O grande impacto da AIDS na ciência, na mídia e no imaginário popular fez com que se criasse uma atmosfera negativa em torno dos doentes. Foi neste cenário que se elaborou o conceito de grupos de risco para restringir o "mal" exclusivamente àquelas pessoas que apresentassem algum desvio de conduta: homossexuais e toxicômanos. O fato, além de estigmatizar os doentes, criou uma falsa noção de que as pessoas que não se incluíssem nestes grupos estariam livres da doença. Não tardou e começaram a aparecer os primeiros casos de AIDS em hemofílicos, e também entre heterossexuais de ambos os gêneros. Dessa forma, a AIDS foi se difundindo pelo mundo e tornou-se a grande pandemia da atualidade.

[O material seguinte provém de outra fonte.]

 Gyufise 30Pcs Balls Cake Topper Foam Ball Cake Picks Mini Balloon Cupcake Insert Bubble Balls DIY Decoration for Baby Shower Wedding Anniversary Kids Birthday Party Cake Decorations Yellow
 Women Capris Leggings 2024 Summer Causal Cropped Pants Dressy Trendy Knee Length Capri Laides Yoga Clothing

Diferentemente da tuberculose, desde os primeiros casos notificados, a AIDS acometeu indivíduos de classes sociais mais elevadas. Isso favoreceu a interlocução dos doentes com as esferas públicas da sociedade e do governo e deu impulso à organização de entidades civis sem fins lucrativos, posteriormente denominadas ONG/AIDS. As entidades ganharam força e se espalharam por todo o país, e sua militância política organizou-se de tal forma, que passou não apenas a denunciar toda forma de discriminação contra os doentes de AIDS, mas também passou a trabalhar pela democratização das informações à sociedade, e, mormente, garantir o direito de acesso às ações integrais de saúde para os indivíduos acometidos pelo HIV. O movimento teve forte impacto no Estado e contribuiu positivamente com a elaboração de políticas públicas para o controle da doença.

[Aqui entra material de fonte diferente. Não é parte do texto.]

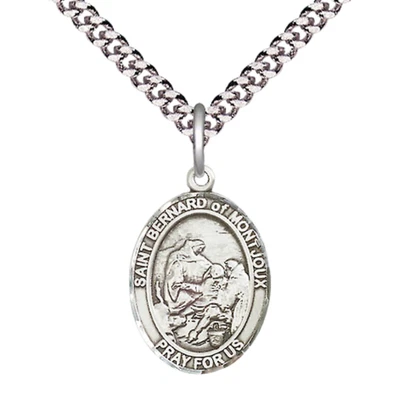Pewter Saint Bernard of Montjoux Medal Pendant 24" Endless Chain Necklace w/ Box - Image 1 of 4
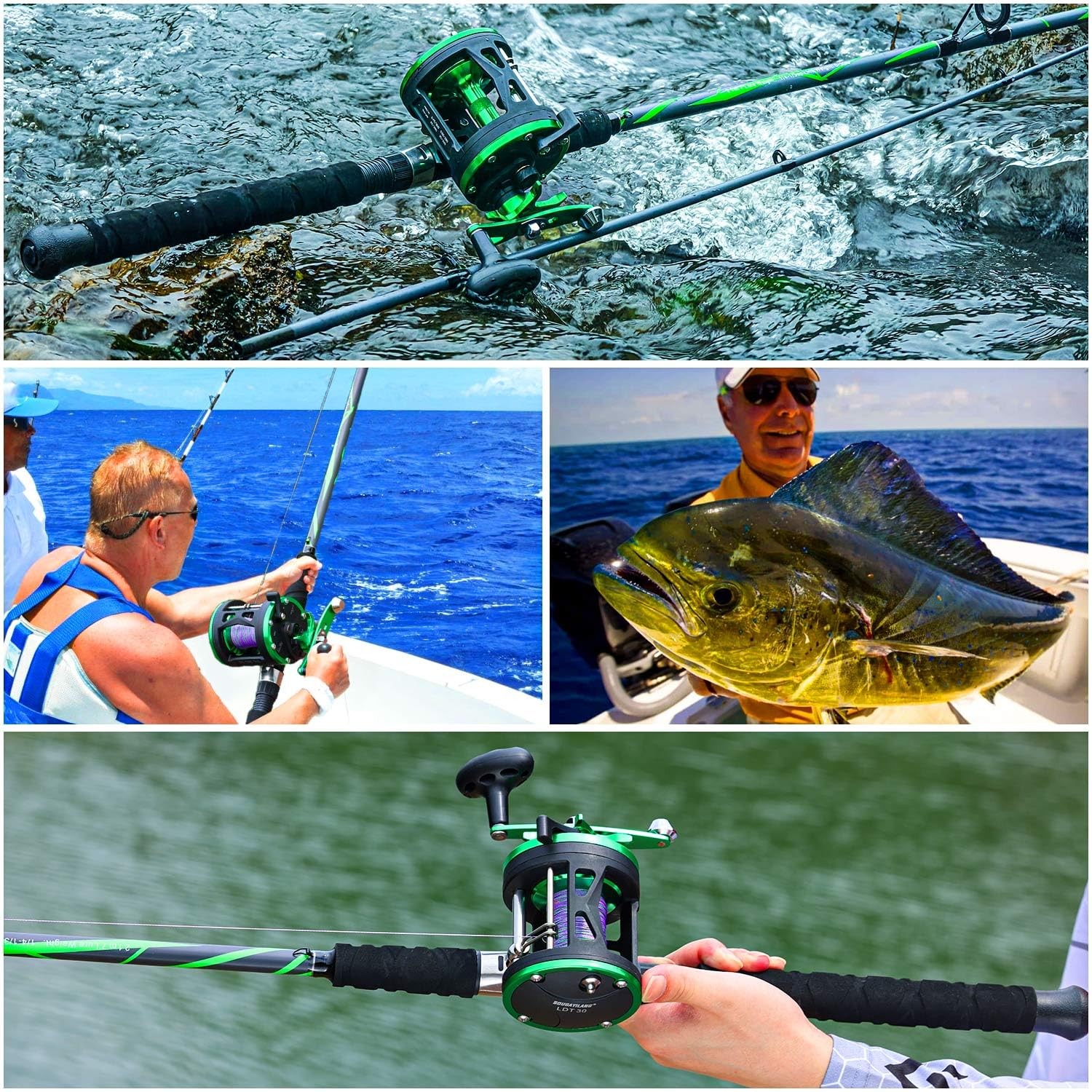Sougayilang Spinning Rods Strong Carbonglass Composite Fishing Pole Stainless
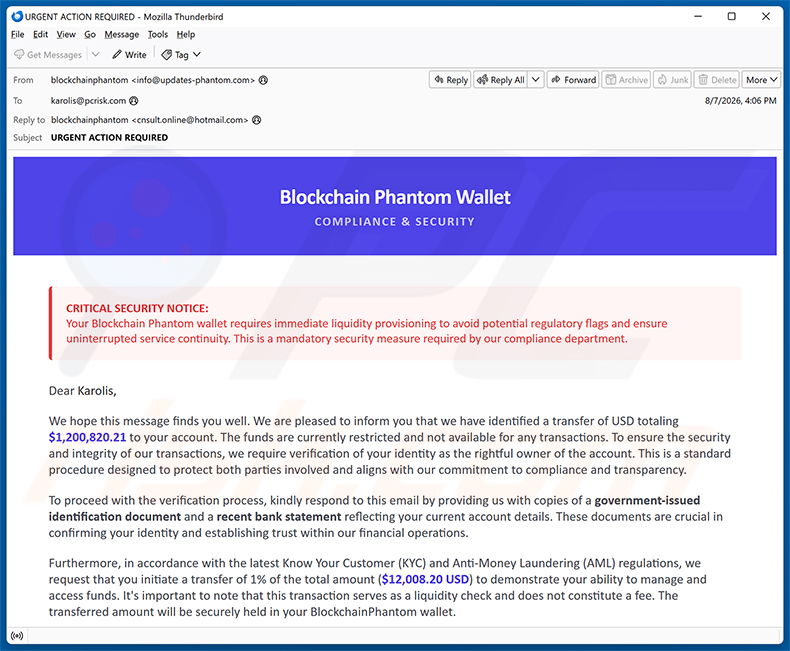 Phantom Wallet Identity Confirmation E-Mail-Betrug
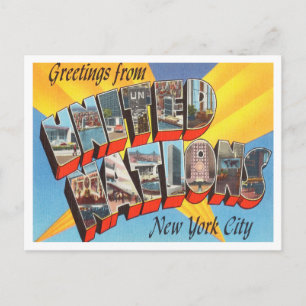 Hälsning från Förenta nationerna, New York City Vykort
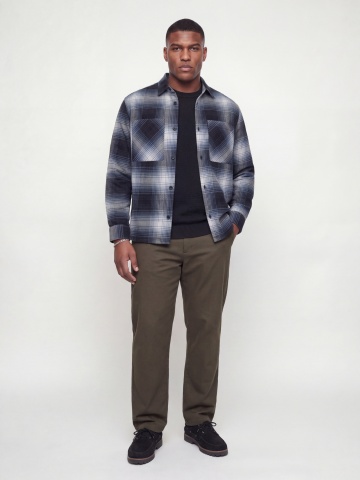 Jack & Jones Plus Pulover tricotat barbati big sizes, din bumbac organic, decolteu la baza gatului, JJERYDER, Regular Fit, Negru - Img 6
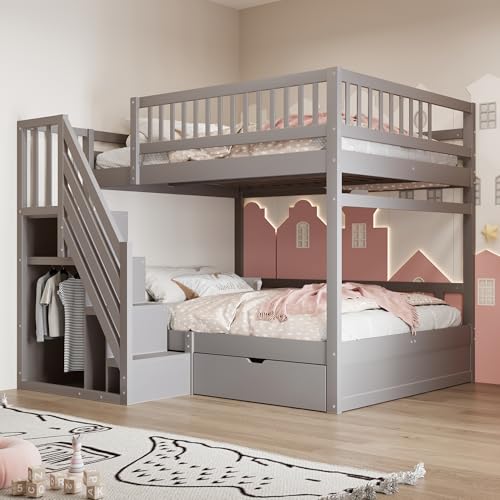 MOBETTRES Massivholz-Etagenbett Mit Hohem Sicherheitsgitter, Mit Lattenrost, Sicherheitsleiter mit Stauraum, Mit Stauschubladen, Kinderbett Junior Doppelbett (Grau, 140 * 200cm) von MOBETTRES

No capítulo 4, Nascimento realiza uma análise comparativa entre a tuberculose e a AIDS, destacando elementos de aproximação e distanciamento, nas dimensões do conhecimento científico, bem como nas estratégias institucionais elaboradas pelo Estado e pelas entidades civis para o controle de ambas as doenças. Por fim, no capitulo 5, a autora brinda os leitores com uma vasta expressão da iconografia nacional composta por fotografias, cartazes, campanhas publicitárias, charges, entre outros registros históricos que se complementam por depoimentos orais e escritos para descrever em detalhes as representações coletivas das duas doenças.
As Pestes do Século XX: Tuberculose e AIDS no Brasil, Uma História Comparada oferece uma abordagem instigante sobre as três esferas envolvidas na construção histórica do fenômeno patológico: o imaginário social, o conhecimento científico e as estratégias institucionais; fazendo da obra referência necessária a quem deseja conhecer de forma mais aprofundada a história e as representações sociais dessas duas emblemáticas doenças.